Catastrophe Scenario Analysis Methodology

v2.0 · March 2026

This document details the methodology behind Rankiteo's Catastrophe Scenario Analysis engine. It describes the 42 named catastrophe scenarios, AI-powered vendor matching, loss factor modeling, duration-based business interruption analysis, and cascading loss calculation across portfolio companies.

1. Executive Summary

The Catastrophe Scenario Analysis module models the impact of large-scale catastrophic cyber events on an insurance portfolio. Unlike probabilistic loss models that simulate random events, this module applies deterministic named scenarios to assess how specific, plausible catastrophes would cascade through the portfolio's supply chain dependencies.

The engine maintains a catalog of 42 named scenarios organized into 6 categories, each calibrated from real-world events. For every scenario, the system uses DeepSeek AI to identify which portfolio vendors would be impacted, then calculates expected losses using severity-based loss factors, duration-based business interruption windows, and coverage limit scaling.

Key capabilities include:

42 pre-defined scenarios across systemic infrastructure, targeted attacks, supply chain, financial/regulatory, and AI/emerging threat categories
AI-powered vendor matching using DeepSeek to classify which portfolio companies are exposed to each scenario
Multi-tier impact analysis covering direct (L1) and indirect (L2/L3) supply chain dependencies
Loss factor modeling expressing severity as a fraction of coverage limit (0.0 to 1.0)
Duration-based interruption windows from 6 hours to 4,320 hours per scenario

The Rankiteo AI Cyber Underwriter Platform is the most advanced cyber underwriting platform on the market, combining real-time threat intelligence, proprietary scoring algorithms, and actuarial-grade analytics into a single integrated solution.

2. Scenario Catalog

The catalog contains 42 named scenarios organized into 6 categories. Each scenario is defined by a unique identifier, a loss factor (severity), a duration (hours of business interruption), and a description of the threat vector. Scenarios are calibrated from historical events and industry threat intelligence.

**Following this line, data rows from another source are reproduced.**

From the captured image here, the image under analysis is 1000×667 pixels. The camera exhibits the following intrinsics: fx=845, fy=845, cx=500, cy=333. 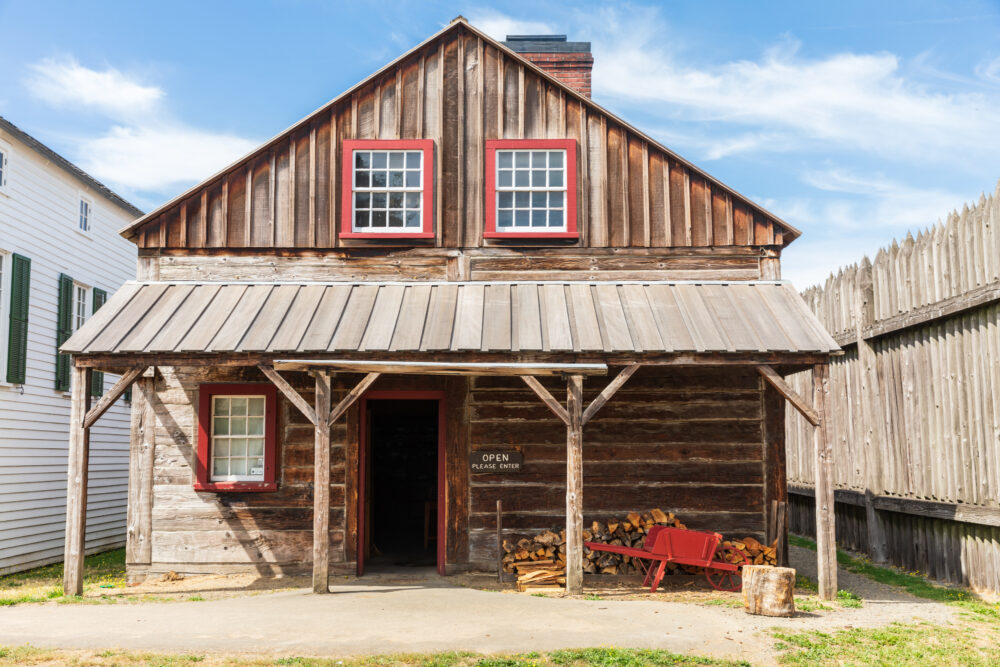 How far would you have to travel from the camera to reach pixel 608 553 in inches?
463

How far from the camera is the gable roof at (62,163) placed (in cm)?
1407

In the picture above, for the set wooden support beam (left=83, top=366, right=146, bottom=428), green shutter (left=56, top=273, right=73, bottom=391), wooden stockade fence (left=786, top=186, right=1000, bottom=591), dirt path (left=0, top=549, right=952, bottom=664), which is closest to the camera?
dirt path (left=0, top=549, right=952, bottom=664)

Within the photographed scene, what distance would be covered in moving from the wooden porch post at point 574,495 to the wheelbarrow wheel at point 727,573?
82.1 inches

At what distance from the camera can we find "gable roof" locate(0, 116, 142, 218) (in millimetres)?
14070

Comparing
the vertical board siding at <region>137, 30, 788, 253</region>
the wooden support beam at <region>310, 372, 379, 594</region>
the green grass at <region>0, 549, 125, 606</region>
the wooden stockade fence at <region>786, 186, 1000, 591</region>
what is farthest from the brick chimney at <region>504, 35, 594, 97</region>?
the green grass at <region>0, 549, 125, 606</region>

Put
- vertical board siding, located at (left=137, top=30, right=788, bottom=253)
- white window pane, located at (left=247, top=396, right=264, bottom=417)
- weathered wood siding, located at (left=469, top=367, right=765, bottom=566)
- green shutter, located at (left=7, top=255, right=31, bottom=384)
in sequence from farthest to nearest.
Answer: green shutter, located at (left=7, top=255, right=31, bottom=384) → vertical board siding, located at (left=137, top=30, right=788, bottom=253) → white window pane, located at (left=247, top=396, right=264, bottom=417) → weathered wood siding, located at (left=469, top=367, right=765, bottom=566)

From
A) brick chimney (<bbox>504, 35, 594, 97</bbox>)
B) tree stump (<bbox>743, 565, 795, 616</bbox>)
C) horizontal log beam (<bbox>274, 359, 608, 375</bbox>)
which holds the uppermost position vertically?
brick chimney (<bbox>504, 35, 594, 97</bbox>)

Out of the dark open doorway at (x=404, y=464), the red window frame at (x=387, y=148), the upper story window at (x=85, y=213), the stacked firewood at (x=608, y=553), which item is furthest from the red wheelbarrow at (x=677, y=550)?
the upper story window at (x=85, y=213)

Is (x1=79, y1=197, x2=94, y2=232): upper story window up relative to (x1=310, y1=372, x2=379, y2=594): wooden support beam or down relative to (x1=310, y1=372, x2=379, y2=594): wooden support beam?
up

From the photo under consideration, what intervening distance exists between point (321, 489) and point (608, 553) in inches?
162

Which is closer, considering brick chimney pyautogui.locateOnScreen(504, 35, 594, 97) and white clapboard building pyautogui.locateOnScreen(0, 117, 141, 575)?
white clapboard building pyautogui.locateOnScreen(0, 117, 141, 575)

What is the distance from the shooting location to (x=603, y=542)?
11.7 m

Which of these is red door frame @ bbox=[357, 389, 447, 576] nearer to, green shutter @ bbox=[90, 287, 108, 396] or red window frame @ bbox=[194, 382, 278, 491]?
red window frame @ bbox=[194, 382, 278, 491]

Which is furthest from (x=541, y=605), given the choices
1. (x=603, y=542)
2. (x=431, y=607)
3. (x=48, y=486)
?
(x=48, y=486)
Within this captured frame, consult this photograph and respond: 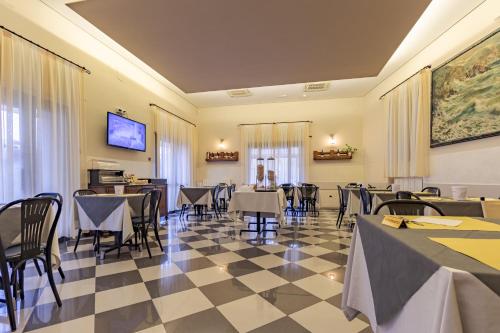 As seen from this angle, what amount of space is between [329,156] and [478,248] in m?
7.36

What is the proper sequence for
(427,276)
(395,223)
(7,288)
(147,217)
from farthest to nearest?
(147,217) < (7,288) < (395,223) < (427,276)

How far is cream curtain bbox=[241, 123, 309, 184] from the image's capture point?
26.4 ft

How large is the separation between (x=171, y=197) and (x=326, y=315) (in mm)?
5773

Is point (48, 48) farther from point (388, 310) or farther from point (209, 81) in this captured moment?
point (388, 310)

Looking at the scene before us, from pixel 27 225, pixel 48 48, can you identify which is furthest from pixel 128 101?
pixel 27 225

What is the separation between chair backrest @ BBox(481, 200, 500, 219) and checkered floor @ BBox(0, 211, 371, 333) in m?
1.35

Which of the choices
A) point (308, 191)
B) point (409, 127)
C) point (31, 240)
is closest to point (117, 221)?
point (31, 240)

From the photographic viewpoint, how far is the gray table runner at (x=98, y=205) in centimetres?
294

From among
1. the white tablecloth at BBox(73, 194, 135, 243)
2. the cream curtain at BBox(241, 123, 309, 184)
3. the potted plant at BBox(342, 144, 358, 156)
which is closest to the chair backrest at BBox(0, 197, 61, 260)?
the white tablecloth at BBox(73, 194, 135, 243)

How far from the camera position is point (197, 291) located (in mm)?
2168

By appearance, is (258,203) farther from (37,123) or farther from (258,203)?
(37,123)

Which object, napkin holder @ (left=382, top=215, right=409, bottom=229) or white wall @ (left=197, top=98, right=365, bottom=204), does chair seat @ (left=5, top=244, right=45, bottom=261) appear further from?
white wall @ (left=197, top=98, right=365, bottom=204)

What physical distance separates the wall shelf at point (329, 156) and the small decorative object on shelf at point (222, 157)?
271cm

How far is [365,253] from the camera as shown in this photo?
1194 millimetres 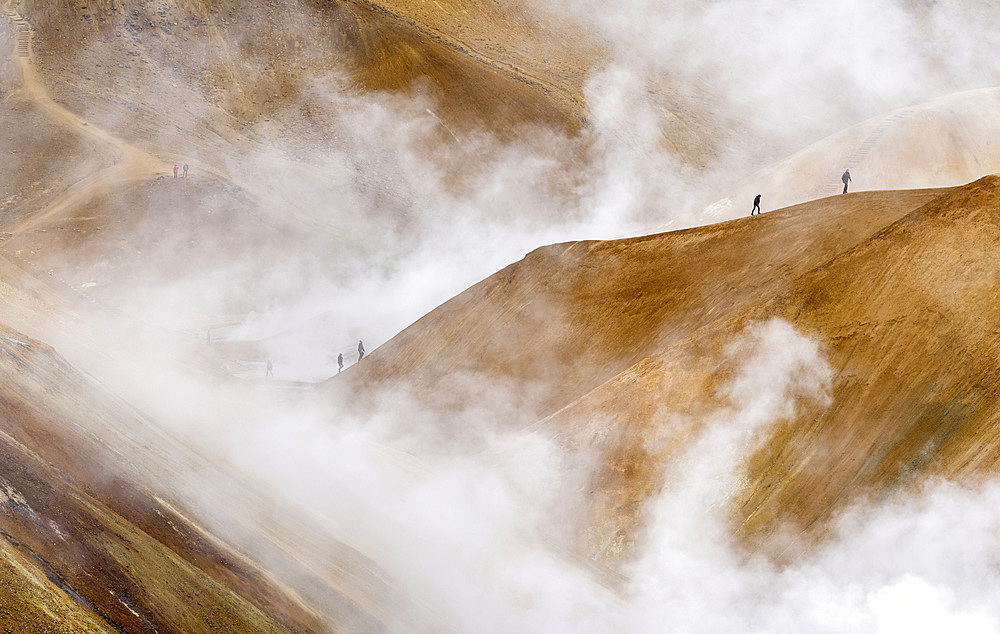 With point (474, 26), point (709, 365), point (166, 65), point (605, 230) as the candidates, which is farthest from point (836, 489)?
point (474, 26)

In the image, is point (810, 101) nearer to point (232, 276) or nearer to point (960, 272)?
point (232, 276)

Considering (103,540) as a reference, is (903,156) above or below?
above

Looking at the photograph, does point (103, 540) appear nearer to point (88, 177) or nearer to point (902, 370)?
point (902, 370)

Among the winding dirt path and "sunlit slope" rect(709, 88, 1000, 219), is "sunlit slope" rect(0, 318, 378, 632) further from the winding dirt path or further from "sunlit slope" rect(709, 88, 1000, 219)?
the winding dirt path

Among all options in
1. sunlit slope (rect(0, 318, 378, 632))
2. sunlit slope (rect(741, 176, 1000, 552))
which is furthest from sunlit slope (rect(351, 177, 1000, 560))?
sunlit slope (rect(0, 318, 378, 632))

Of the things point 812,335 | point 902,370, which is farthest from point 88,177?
point 902,370

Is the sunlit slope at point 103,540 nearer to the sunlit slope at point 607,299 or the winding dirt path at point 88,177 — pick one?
the sunlit slope at point 607,299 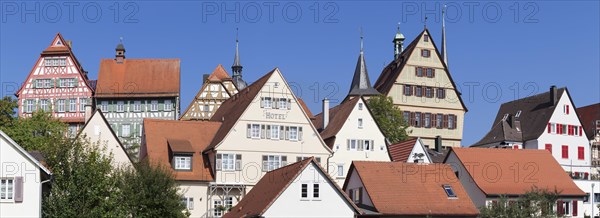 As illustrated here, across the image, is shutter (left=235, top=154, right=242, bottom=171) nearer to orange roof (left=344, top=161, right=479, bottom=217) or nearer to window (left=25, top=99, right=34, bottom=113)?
orange roof (left=344, top=161, right=479, bottom=217)

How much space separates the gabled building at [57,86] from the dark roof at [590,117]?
147ft

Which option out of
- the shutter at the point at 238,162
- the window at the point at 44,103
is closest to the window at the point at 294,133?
the shutter at the point at 238,162

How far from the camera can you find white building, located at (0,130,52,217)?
4675 centimetres

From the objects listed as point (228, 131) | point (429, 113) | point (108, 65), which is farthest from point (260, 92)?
point (108, 65)

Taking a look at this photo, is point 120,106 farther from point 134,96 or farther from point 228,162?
point 228,162

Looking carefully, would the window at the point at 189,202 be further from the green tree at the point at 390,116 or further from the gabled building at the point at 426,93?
the gabled building at the point at 426,93

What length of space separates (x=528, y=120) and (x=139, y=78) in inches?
1378

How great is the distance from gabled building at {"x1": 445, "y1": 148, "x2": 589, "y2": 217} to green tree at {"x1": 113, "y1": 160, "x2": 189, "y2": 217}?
1989 cm

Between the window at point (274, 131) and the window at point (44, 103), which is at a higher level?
the window at point (44, 103)

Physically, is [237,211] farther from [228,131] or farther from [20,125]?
[20,125]

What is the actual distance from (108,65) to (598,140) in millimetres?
44484

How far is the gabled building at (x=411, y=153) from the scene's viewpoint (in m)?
66.6

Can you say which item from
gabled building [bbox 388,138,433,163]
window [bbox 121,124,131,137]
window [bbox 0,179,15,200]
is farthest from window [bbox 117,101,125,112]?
window [bbox 0,179,15,200]

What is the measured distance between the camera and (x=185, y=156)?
61.0m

2.1 Systemic Infrastructure (7 Scenarios)

These scenarios model failures in shared digital infrastructure that affect multiple organizations simultaneously.

Scenario	Loss Factor	Duration (hrs)	Description
Cloud Provider Outage	`0.30`	48	Major cloud provider (AWS/Azure/GCP) experiences extended regional outage
CDN/DNS Failure	`0.20`	12	Critical CDN or DNS provider failure disrupting internet-facing services
SaaS Platform Outage	`0.25`	24	Widely-used SaaS platform (e.g., Salesforce, Microsoft 365) goes offline
Internet Backbone	`0.15`	8	Major internet backbone or IX disruption affecting routing
Payment Processor	`0.35`	6	Critical payment processing infrastructure failure
Data Center Disaster	`0.35`	96	Physical destruction of major data center facility (fire, flood, power)
Subsea Cable	`0.15`	336	Subsea communications cable severed, affecting regional connectivity

2.2 Targeted Cyber Attacks (15 Scenarios)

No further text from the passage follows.